**AIM OF THE EXERCISE**: Retype exactly the lines below, starting with the line that contains "Once all the" and ending with the last line; leave out any pictures.

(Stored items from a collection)

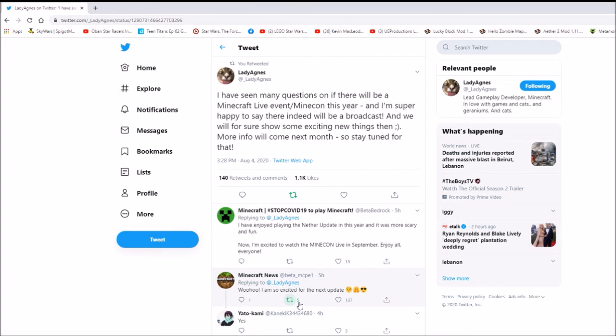But, my speculation is if 1.17 is the mountain update, it will be a little bit smaller than the Nether update on the same scale as Buzzy B's 1.15. And 1.18 will be the big update again.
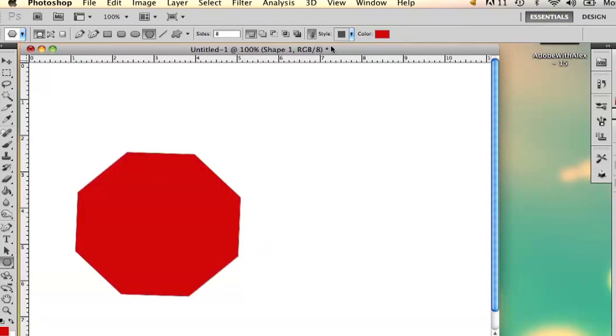And there you have it. My name is Alex and this is how you draw an octagon with Photoshop. Thank you.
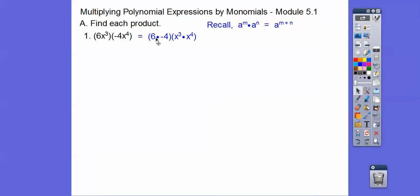So negative 6 times negative 4 is negative 24, and then we'll add those two exponents right there.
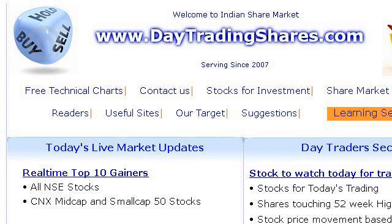The most helpful site to learn about the advantages of online shares trading is daytradingshares.com, specifically the page titled Indian Share Market Tips Day Trading Free Share Market. Here's the link.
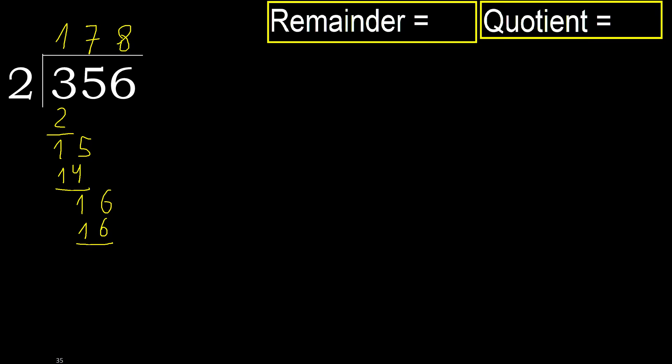16 minus 16, 0. Next, that is not a number therefore finish it.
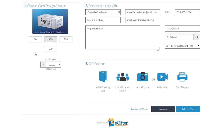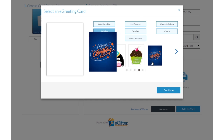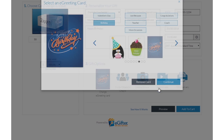You can send the gift by email, text message, or even a social post. Personalize your gift with an animated greeting card, photo, or video message.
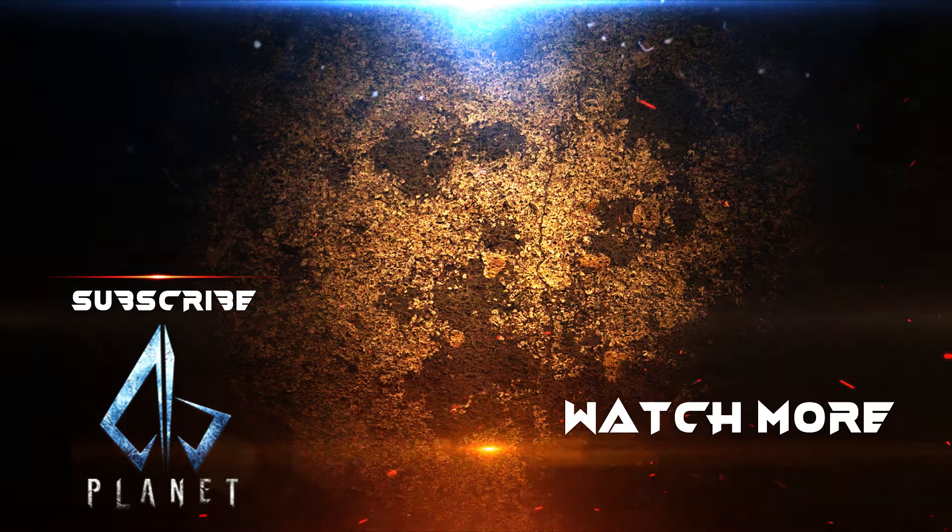Download the Filmora 14 from the link in the description and elevate your creativity. If you found it helpful, subscribe to my channel and hit the bell icon for more awesome tutorials in Filmora.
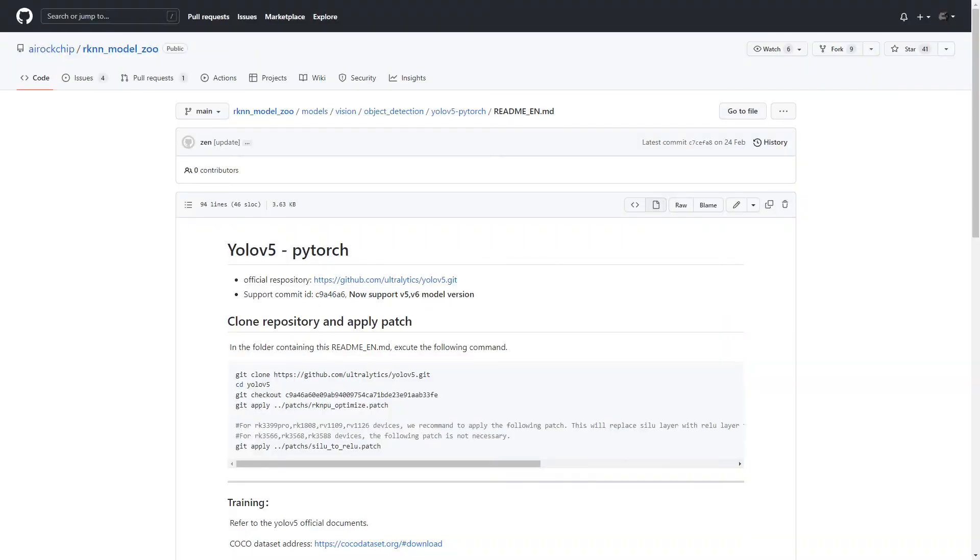Note that not all neural networks convert out of the box. As I already mentioned, YOLO v5 requires a lot of changes. I tried to convert several different detection neural networks without any patches and they didn't work. But you can work through the errors in the logs and hopefully everything will be fine.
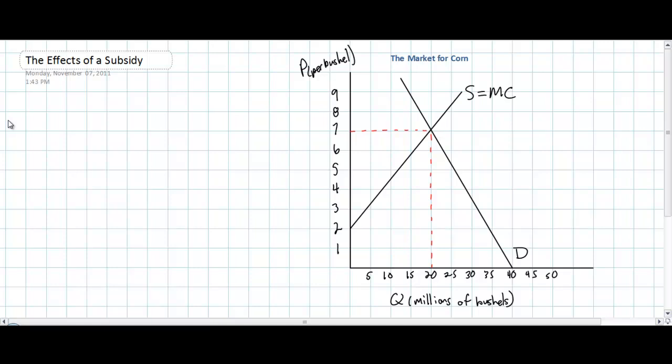In this lesson we are going to be examining the effect of a subsidy on the market for a particular good or service. The market we are going to look at today is the market for corn in the United States. Corn is a heavily subsidized product in the United States. What impact does this have on the market price and quantity of corn, and the consumers and producers of corn, as well as the taxpayers whose money is being used to subsidize corn production?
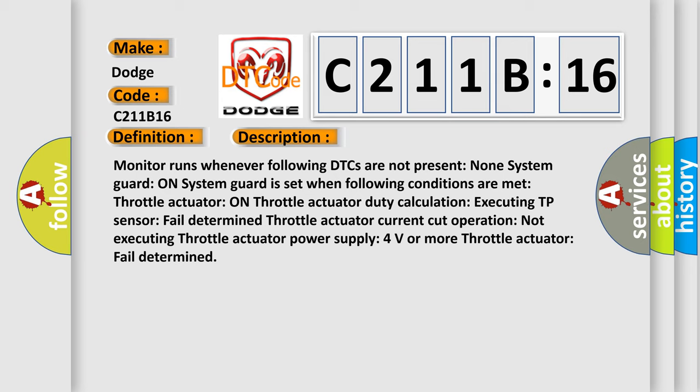Throttle actuator current cut operation not executing. Throttle actuator power supply 4 volts or more. Throttle actuator fail determined.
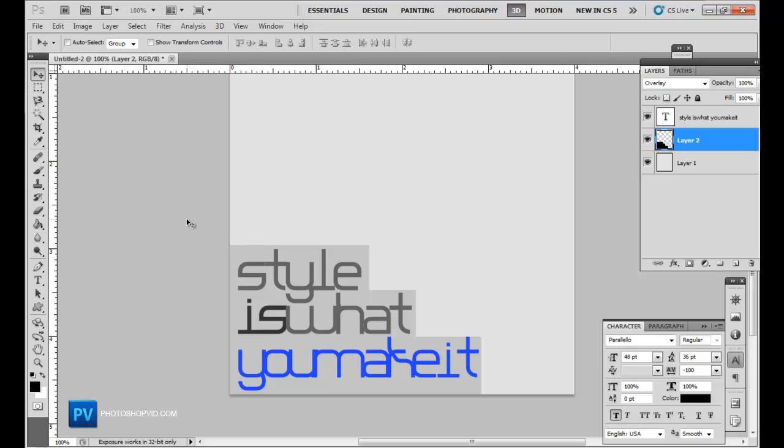Now you can subscribe to my channel, I do a lot of Photoshop tutorials and go to photoshopvid.com for my full tutorial database. If you want to download the PSD of this tutorial you can go there and subscribe to my newsletter.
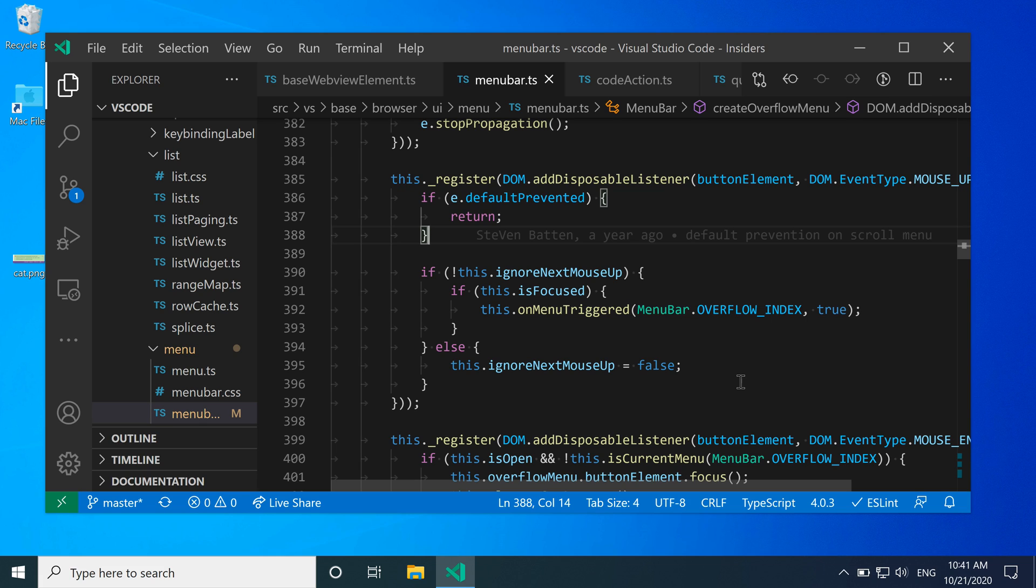The toggle full screen command puts VS Code into full screen mode. What exactly this looks like depends a little bit on your operating system, but let's take a look at full screen mode here on Windows.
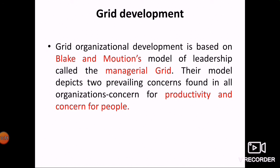Grid organization development, also known as the managerial grid, is based on Blake and Mouton's model of leadership. This model depicts two prevailing concerns found in all organizations: concern for productivity and concern for people. Managers face difficulty running business processes and decision-making when they must balance both concerns simultaneously.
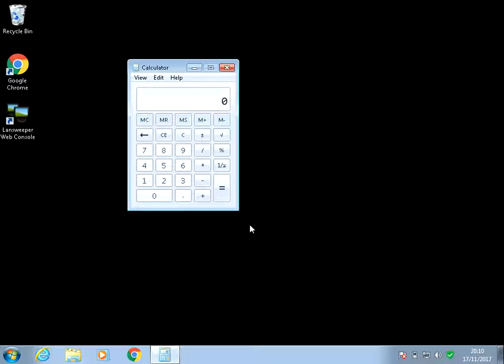Hi there, welcome to the video. Today I'm going to show you how to open the Calculator application on Windows 7. I hope you find this guide useful. If you do, please help me out by subscribing to my channel.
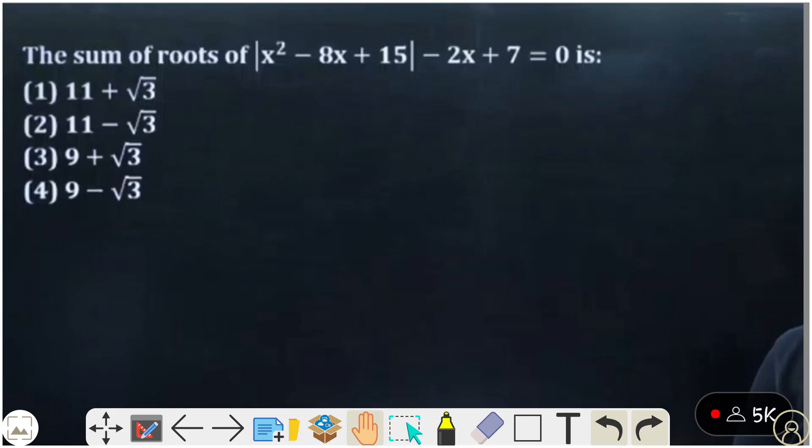Welcome to Learning Max Whiteboard YouTube channel. JEE April today exam answer key, April 6th answer key. Look at the first question: sum of roots of modulus of x squared minus 8x plus 15, minus 2x plus 7, equal to 0. We have to find the roots and sum them to get the final answer.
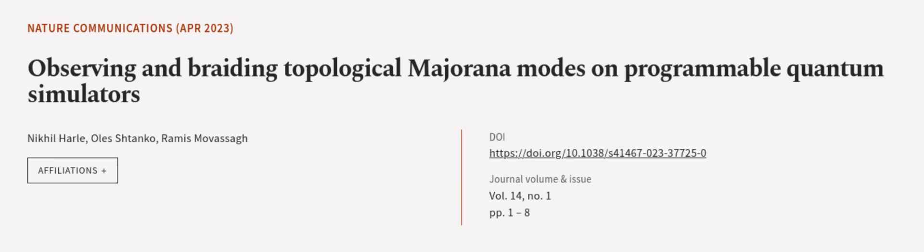This article was authored by Nikhil Hull, Oles Stanko, and Ramis Movassagh. We are article.tv, links in the description below.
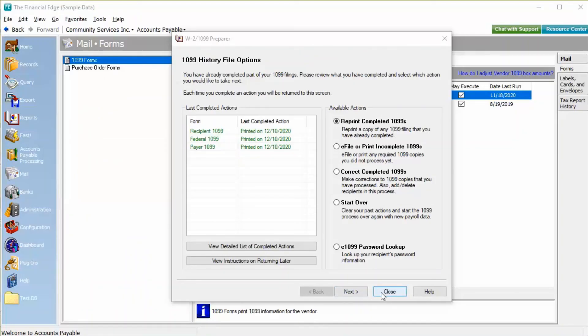Once all the forms are printed, we will be presented with the 1099 History File options, where we choose from the available actions, or close the window. At that point, your 1099 processing is complete.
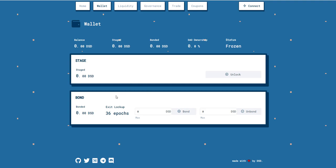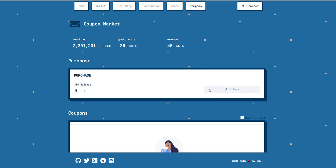This creates an ongoing cycle: earn rewards, price goes under a dollar, unbond, optionally sell or burn for coupons, then buy back in as people keep purchasing to earn that 45 percent premium. This premium can actually go down over time, so keep that in mind. There are more details and good videos from the team on YouTube, plus a helpful Discord community — I'll link those below.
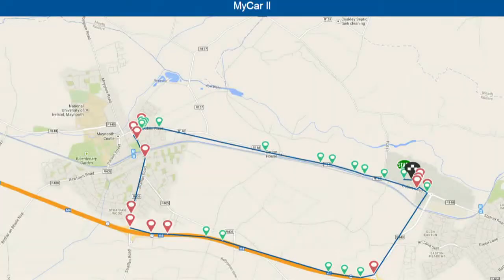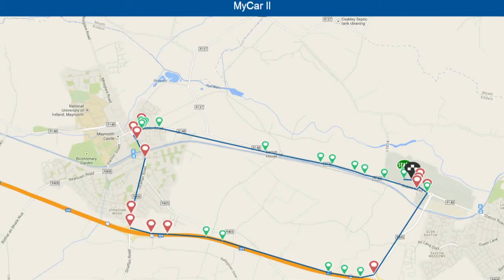We've just come back from a trip in the car, and what we're doing is reviewing the data recorded during the trip by logging in to our own cloud. What we see here is a Google Maps representation of the trip, with various different points during the trip that we can select and look at the data for.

**ANSWER AREA**:
Once all the forms are printed, we will be presented with the 1099 History File options, where we choose from the available actions, or close the window. At that point, your 1099 processing is complete.
This creates an ongoing cycle: earn rewards, price goes under a dollar, unbond, optionally sell or burn for coupons, then buy back in as people keep purchasing to earn that 45 percent premium. This premium can actually go down over time, so keep that in mind. There are more details and good videos from the team on YouTube, plus a helpful Discord community — I'll link those below.
We've just come back from a trip in the car, and what we're doing is reviewing the data recorded during the trip by logging in to our own cloud. What we see here is a Google Maps representation of the trip, with various different points during the trip that we can select and look at the data for.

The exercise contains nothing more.